=== What is being asked ===
For this exercise, copy exactly the lines below from the one with "BMW X1:जानिए वो" through the one with "Front cover_Les sacrements" and leave out the pictures.

=== Material shown ===
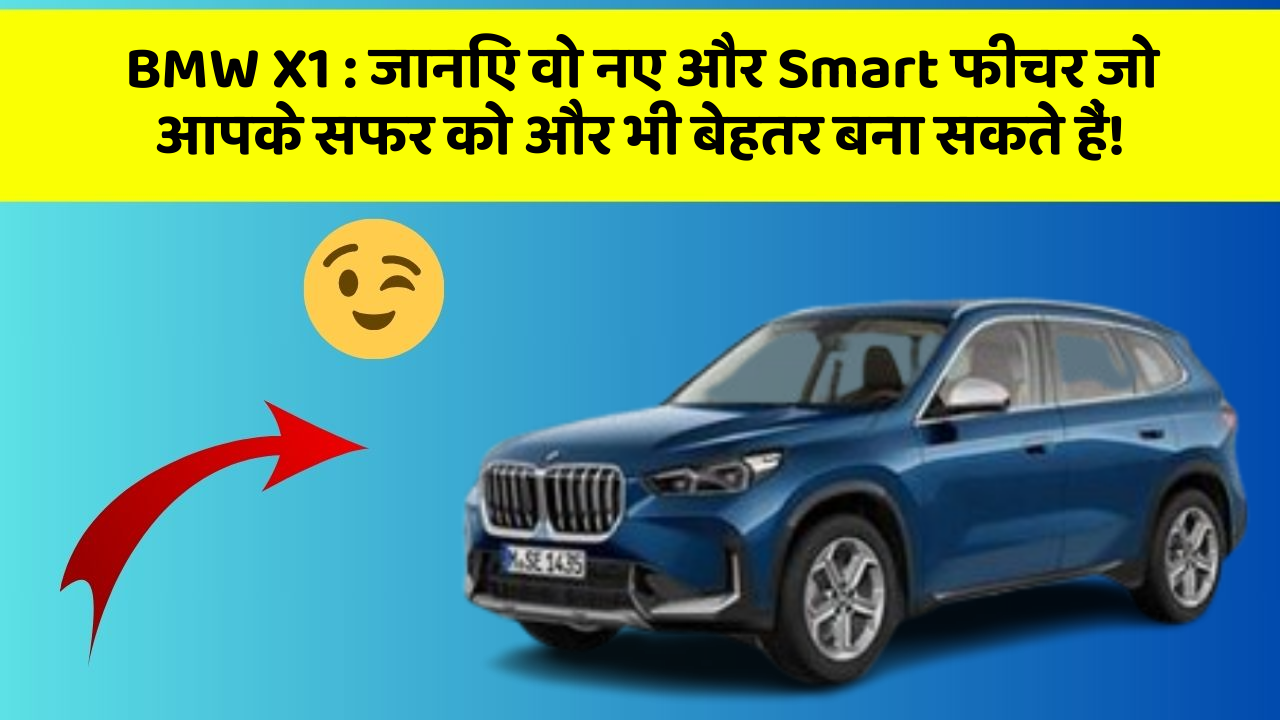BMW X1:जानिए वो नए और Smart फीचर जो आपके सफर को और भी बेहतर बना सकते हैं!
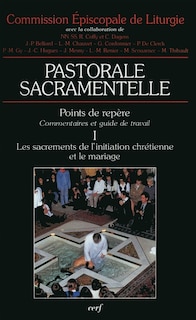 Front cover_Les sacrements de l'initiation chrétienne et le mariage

==

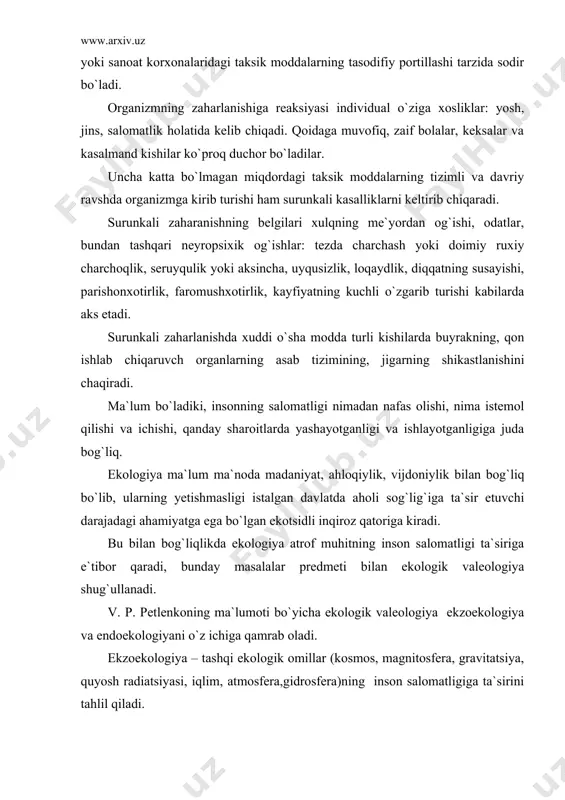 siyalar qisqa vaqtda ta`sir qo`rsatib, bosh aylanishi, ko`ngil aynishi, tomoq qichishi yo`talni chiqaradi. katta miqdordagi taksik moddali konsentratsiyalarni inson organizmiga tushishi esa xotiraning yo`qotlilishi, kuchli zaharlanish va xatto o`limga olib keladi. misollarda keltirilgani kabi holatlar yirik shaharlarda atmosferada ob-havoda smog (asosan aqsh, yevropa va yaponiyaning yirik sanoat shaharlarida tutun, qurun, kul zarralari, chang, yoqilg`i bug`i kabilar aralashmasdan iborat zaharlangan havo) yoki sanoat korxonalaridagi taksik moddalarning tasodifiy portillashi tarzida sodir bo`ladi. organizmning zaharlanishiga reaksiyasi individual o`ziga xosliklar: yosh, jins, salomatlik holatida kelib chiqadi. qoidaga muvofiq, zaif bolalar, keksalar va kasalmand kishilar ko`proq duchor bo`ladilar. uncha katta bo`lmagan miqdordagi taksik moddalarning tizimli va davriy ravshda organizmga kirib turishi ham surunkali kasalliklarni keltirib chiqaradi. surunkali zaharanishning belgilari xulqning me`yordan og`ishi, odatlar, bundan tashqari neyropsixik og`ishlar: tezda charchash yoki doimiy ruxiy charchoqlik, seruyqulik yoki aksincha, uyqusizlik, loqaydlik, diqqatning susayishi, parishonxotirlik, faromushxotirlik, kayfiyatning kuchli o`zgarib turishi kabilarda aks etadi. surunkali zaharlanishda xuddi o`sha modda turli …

=== Answer below ===
BMW X1:जानिए वो नए और Smart फीचर जो आपके सफर को और भी बेहतर बना सकते हैं!
 Front cover_Les sacrements de l'initiation chrétienne et le mariage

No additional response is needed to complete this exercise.